My Vault Access Model: Root, Admin, Services and Humans
I Don’t Want to Live on the Root Token
Current implementation:
Vault gives you a root token at initialization.
It’s tempting to just keep using it for everything.
But for a long-term setup I want a clearer model:
- Root token for bootstrap and emergencies only.
- A dedicated admin persona for day-to-day Vault management.
- Service identities for agents, proxies and apps.
- Human operators with scoped capabilities.
High-Level Roles I’m Planning
Roughly:
- Root:
- enable/disable secrets engines,
- manage top-level policies,
- do dangerous operations.
- Admin:
- manage environment PKI mounts,
- manage auth methods,
- manage roles and policies for services.
- Services:
- Vault Agents,
- reverse proxies,
- applications that need secrets.
- Human users:
- maybe via GitHub/OIDC or cert auth,
- each with limited permissions.
Policies as the Core
Instead of memorizing who can do what, I want:
- policy files in version control,
- clear mapping from:
- user / service → policy names,
- scripts to apply or diff policies.
This access model should match the Unix user layout and PKI design, so that:
- a compromise of one environment proxy doesn’t give full Vault control,
- an app-only identity can’t touch PKI admin or offline-like operations.
What The Model Looks Like Now
The current repo is much stricter than this original sketch:
- root stays for bootstrap and emergency work,
- admin certs exist for day-to-day PKI and auth management,
- services authenticate as their own identities through
auth/cert, - policies are attached per app or proxy instead of shared broad service roles.

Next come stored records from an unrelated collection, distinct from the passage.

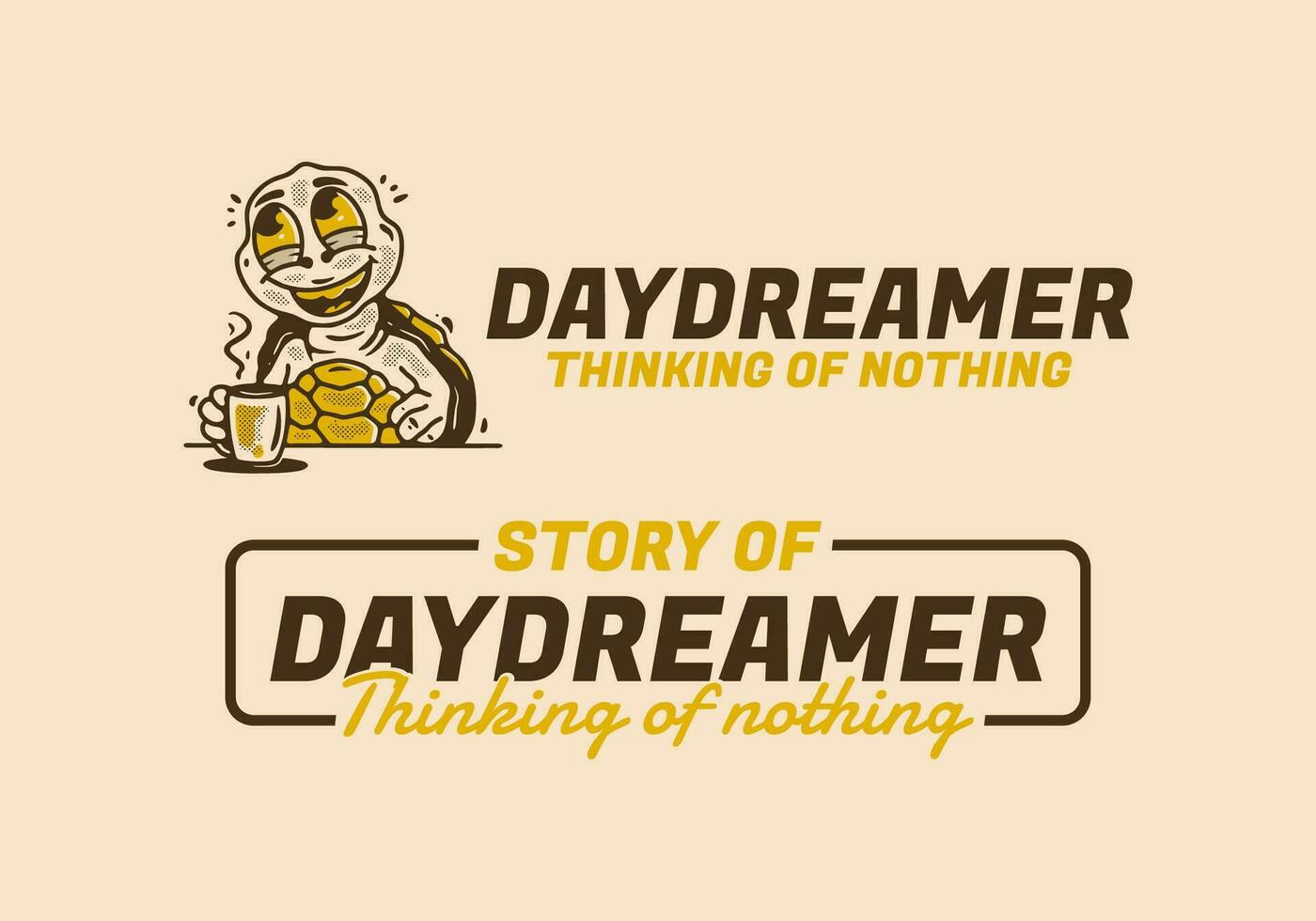 Daydreamer thinking of nothing, mascot character of turtle drink a coffee while daydreaming vector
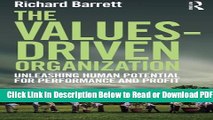 [Get] The Values-Driven Organization: Unleashing Human Potential for Performance and Profit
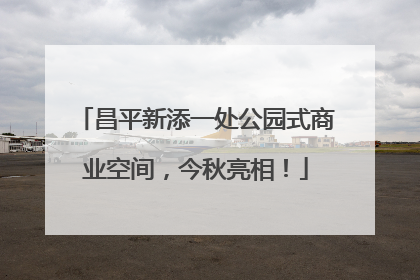 昌平新添一处公园式商业空间，今秋亮相！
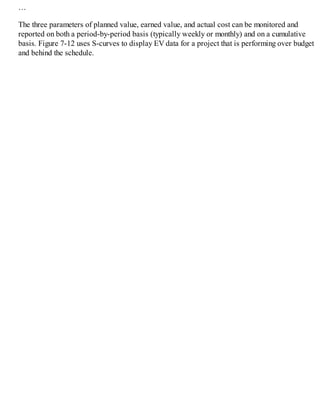 …
The three parameters of planned value, earned value, and actual cost can be monitored and
reported on both a period-by-period basis (typically weekly or monthly) and on a cumulative
basis. Figure 7-12 uses S-curves to display EV data for a project that is performing over budget
and behind the schedule.
 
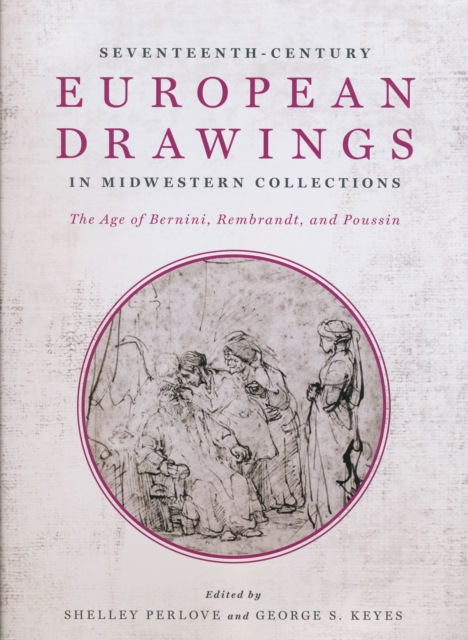 Seventeenth-Century European Drawings in Midwestern Collections : The Age of Bernini, Rembrandt, and Poussin, Hardback Book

That means the real mapping is closer to:
- one Unix user
- one agent certificate identity
- one auth/cert mapping
- one small policy set
Examples from the current setup:
- app and proxy identities use their own certificate-auth mappings,
- app policies are split into things like PKI issuance and optional KV access,
- proxy identities are focused on CA-chain read and reload workflows instead of broad secret access.
This is the part that made the setup feel operational instead of experimental.